EXERCISE INSTRUCTIONS: Please repeat the whole listing exactly, but leave the pictures out.

EXCERPTED RECORDS:
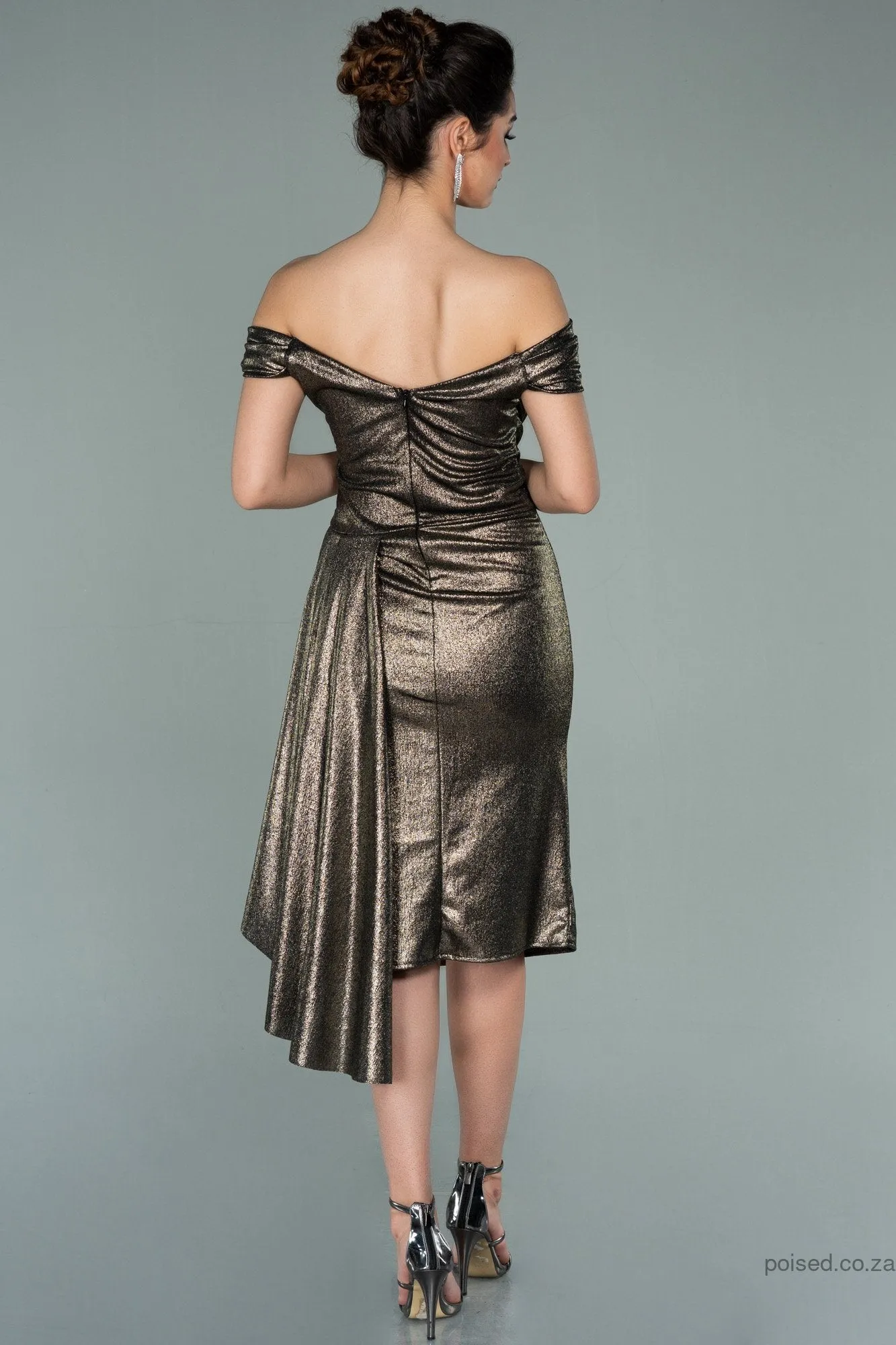 30098 Metallic Bronze Off-Shoulder Side Train Dress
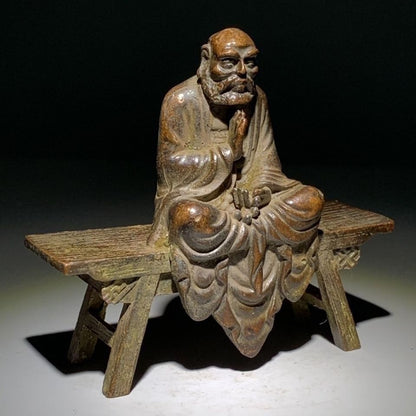 Exquisite Chinese Pure Red Copper Buddhist Bench Buddha Statue Decoration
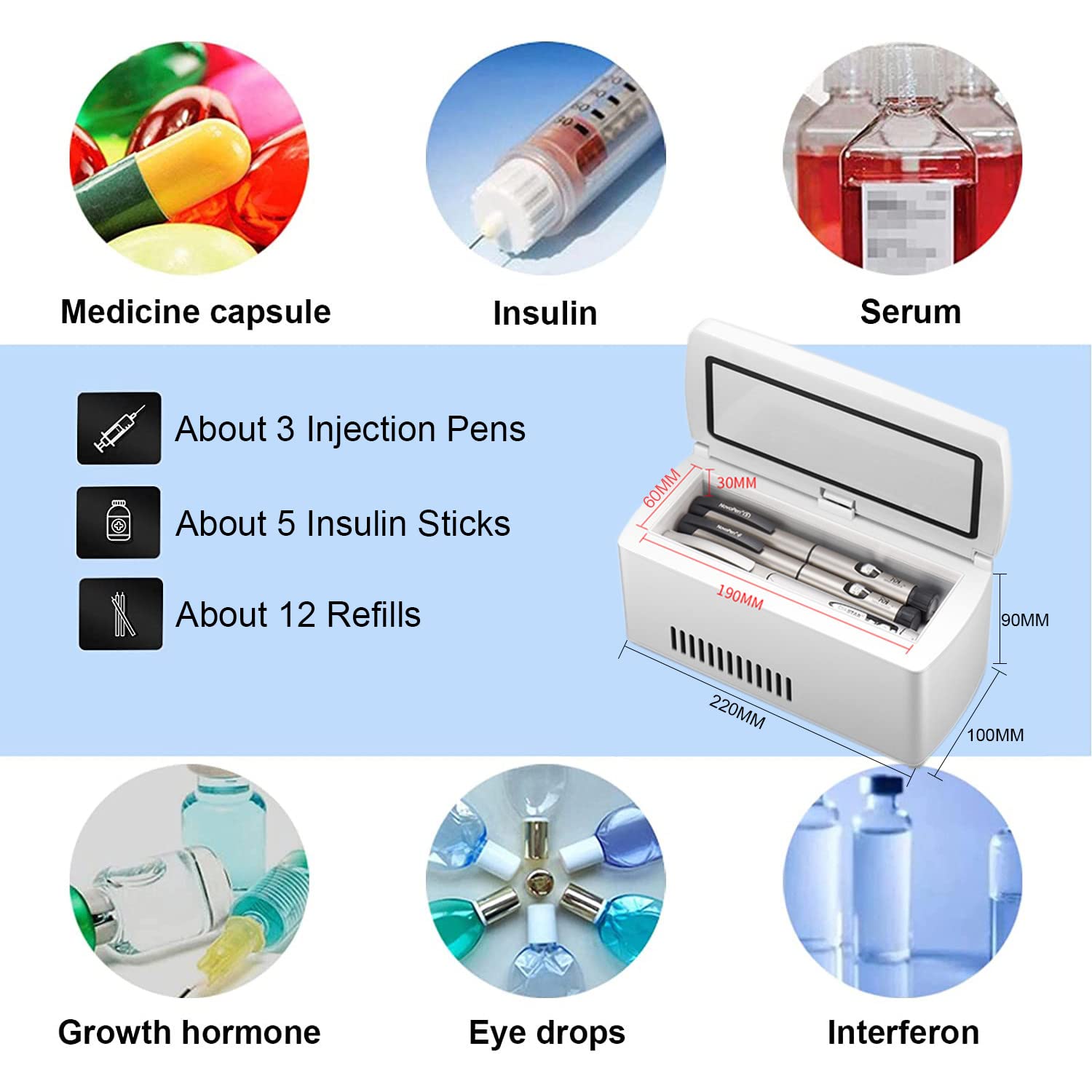 TAHALI Caja enfriadora de insulina portátil para medicamentos Mini Nevera eléctrica Inteligente Mini Nevera Bolsa termostato USB Adecuado para Viajes/interferón,2Battery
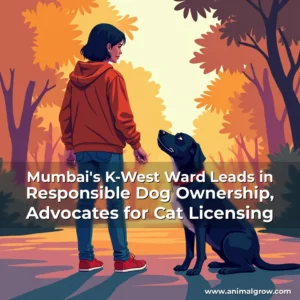 Artistic representation for Mumbai's K-West Ward Leads in Responsible Dog Ownership, Advocates for Cat Licensing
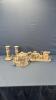 LIMOGES CANDLE STICKS & ANTIQUE ROSE TEA POT SET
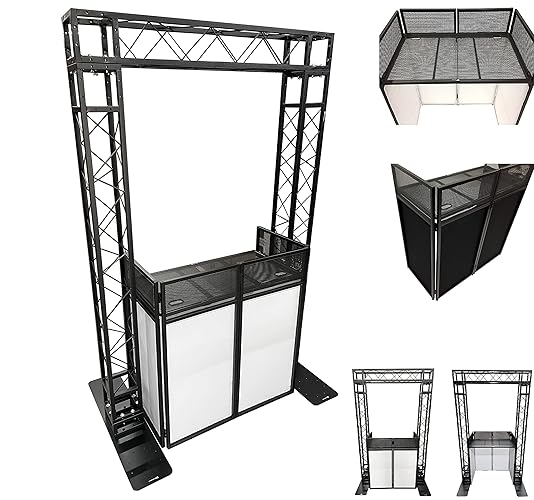 Black Arch Truss Combo Kit 7.6 ft. Height 5 ft. Width+DJ Facade W/40"x20" table Heavy-Duty Truss and B/W DJ Facade All-In-One Combo Kit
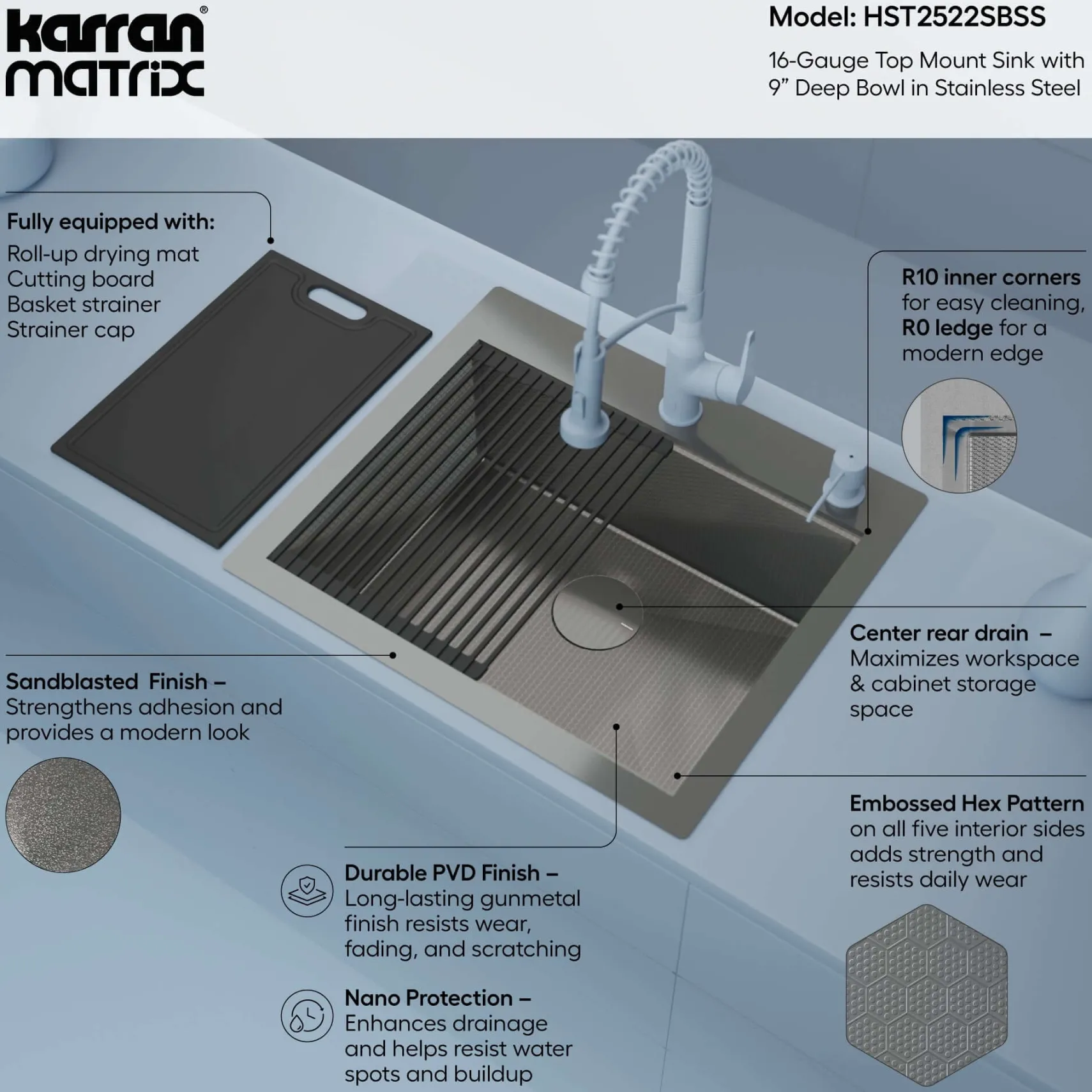Karran Matrix 25" Drop In/Topmount Stainless Steel Workstation Kitchen Sink with Accessories, 16 Gauge, HST2522SBSS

YOUR SOLUTION:
 30098 Metallic Bronze Off-Shoulder Side Train Dress
 Exquisite Chinese Pure Red Copper Buddhist Bench Buddha Statue Decoration
 TAHALI Caja enfriadora de insulina portátil para medicamentos Mini Nevera eléctrica Inteligente Mini Nevera Bolsa termostato USB Adecuado para Viajes/interferón,2Battery
 Artistic representation for Mumbai's K-West Ward Leads in Responsible Dog Ownership, Advocates for Cat Licensing
 LIMOGES CANDLE STICKS & ANTIQUE ROSE TEA POT SET
 Black Arch Truss Combo Kit 7.6 ft. Height 5 ft. Width+DJ Facade W/40"x20" table Heavy-Duty Truss and B/W DJ Facade All-In-One Combo Kit
Karran Matrix 25" Drop In/Topmount Stainless Steel Workstation Kitchen Sink with Accessories, 16 Gauge, HST2522SBSS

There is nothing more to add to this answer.